The actualization of potential is thus a result of exercising a given faculty by providing it with a correct stimulus and in the right amount.
This notion helps explain why in the biblical account of creation all creatures were created by God on His own - 'let their be light; let the waters teem with aquatic life, etc - whereas in the creation of Adam God employed a mysterious partner - 'Let us make Adam'. For while the potential in all creatures is actualized by God (that is, actualization is inbuilt into the creatures genetic program), the complete Adam is created by God only in potential, each individual must then actualise their potential through conscious effort and the right choices...we are thus God's partners in  our own creation!

Based on the above, a 'natural' skater may indeed be endowed with the potential to become an incredible skater. Nonetheless, for the potential to actualize, the skater must exert himself to train and practice, and to provide himself with the most effective 'stimuli' ( I.e. suitable challenges that serve to optimally tap his potential, as above).

A skater may be a 'natural', but he's no apple!

Wednesday, January 11, 2012

Know Him in all your ways

There are three ways of connecting to God:

Fulfilling mitzvot (commandments) such as observing Shabbat, visiting the sick, giving a tenth of one's income to charity, praying, etc. The word mitzvah, cognate with the word Tzavta - connection - indicates this.

Engaging in mundane activities for the sake of Heaven. For example, working in order to afford fulfilment of mitzvot or eating in order to provide oneself with the energy to study Torah and to serve God. In this instance the mundane activity is a means to serving God.

'Knowing God in all one's ways'. This involves perceiving, experiencing, and expressing the Divine in what is normally viewed as a mundane activity; when painting, shopping, or skateboarding...  

Tuesday, January 10, 2012

On the difference between belief and trust

Regularly, thousands of Rabbi Menachem Mendel Schneerson's followers would cram into his New York synagogue, the Chabad-lubavitch headquarters, in order to hear Rabbi Schneerson deliver esoteric discourses and speak about contemporary issues, to sing melodies together, and to receive 'Lechaims' and US dollar notes from their leader. On one such occasion a prominent Rabbi visited Rabbi Schneerson. The Rebbe handed him a dollar and excitedly pointed out how the note states 'In G-d we trust' as opposed to 'In G-d we believe'.

Why was the Rebbe so enthusiastic about the term trust? Indeed, what is the distinction between trust and belief?

Imagine a tightrope walker who has carried members of the audience on his back across the tightrope.

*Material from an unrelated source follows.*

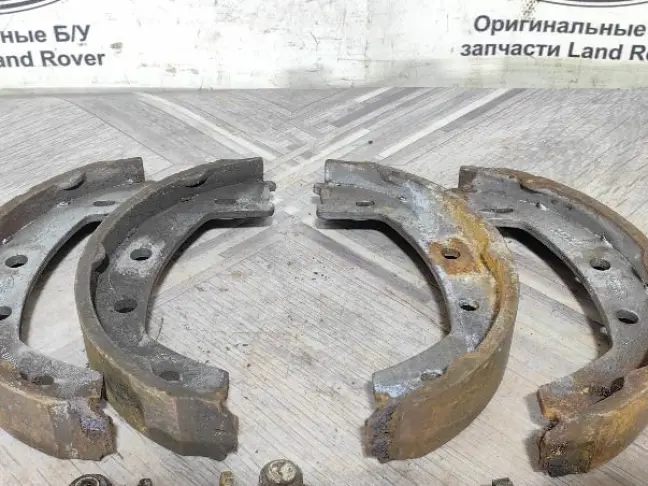 Механизм ручника 2 стороны Land Rover Freelander 2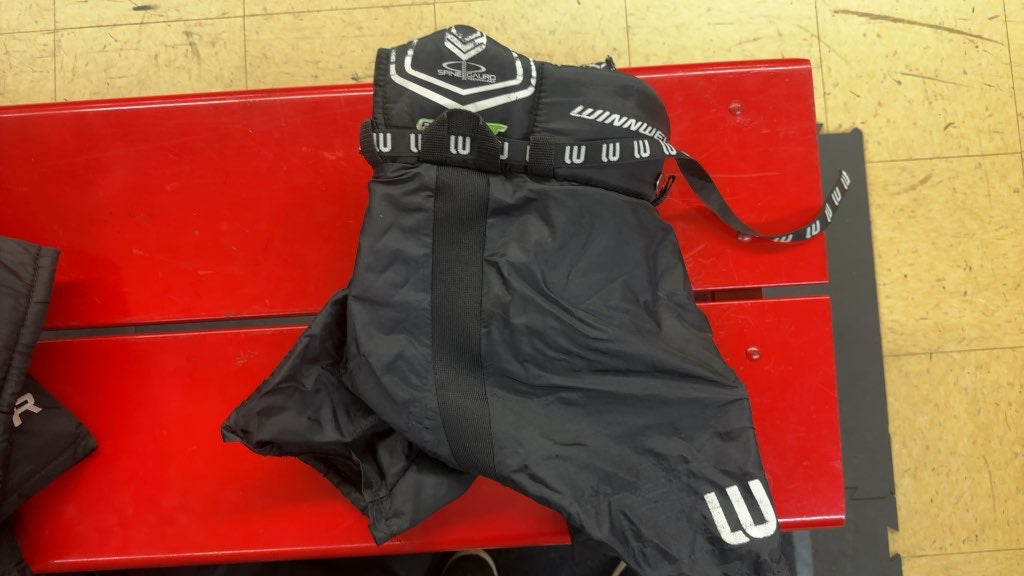 Winnwell Hockey Pants XT Youth Used Small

He turns to the audience and asks, 'Who here believes that I can carry them across the rope on my back?" Considering that the audience has already witnessed him performing this feat, the majority of them, including you, raise their hands in the affirmative. He then points at you and says, "OK then, I'd like you to get on my shoulders and be the next to be carried across." Your heart suddenly erupts with fear and you diplomatically smile while declining with an emphatic, "No Way!"

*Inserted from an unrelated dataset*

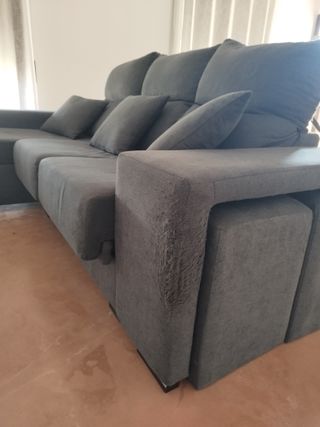 Sofá chaise longue gris oscuro con almacenaje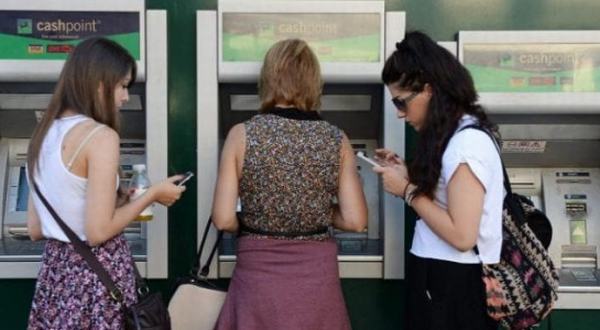 Liên tục mất tiền, ngân hàng siết chặt việc rút tiền qua ATM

If you believe that he's able to carry you across safely, why don't you allow him to? Herein lies the often enormous chasm between belief and trust. You believe him but cannot put your trust in him. Trust is the quality that enables one to overcome fear in practice, and in its complete form extinguishes fear altogether.

This explains the Rebbe's excitement about the statement, "In G-d we trust." Many people believe in G-d and even in His all pervading providence. Yet, when times are tough they are overcome with anxiety and depression. One who trusts in G-d, however, walks securely and confidently.

This difference between belief and trust is highlighted in skateboarding. When I arrive at a skate spot, I typically look around at the obstacles available and assess what I believe I can use and what is yet beyond me. Frequently, I believe I can easily perform a semi-dangerous trick such as jumping off a set of 5 or 6 stairs but as I ride up to the stairwell edge I'm prevented by fear. Based on my past skating experiences I authentically believe myself capable of easily landing this particular stunt; my lack of trust in my abilities, however, opens the doors wide for fear to engulf me in practice.

Belief relates to mind; trust relates to action.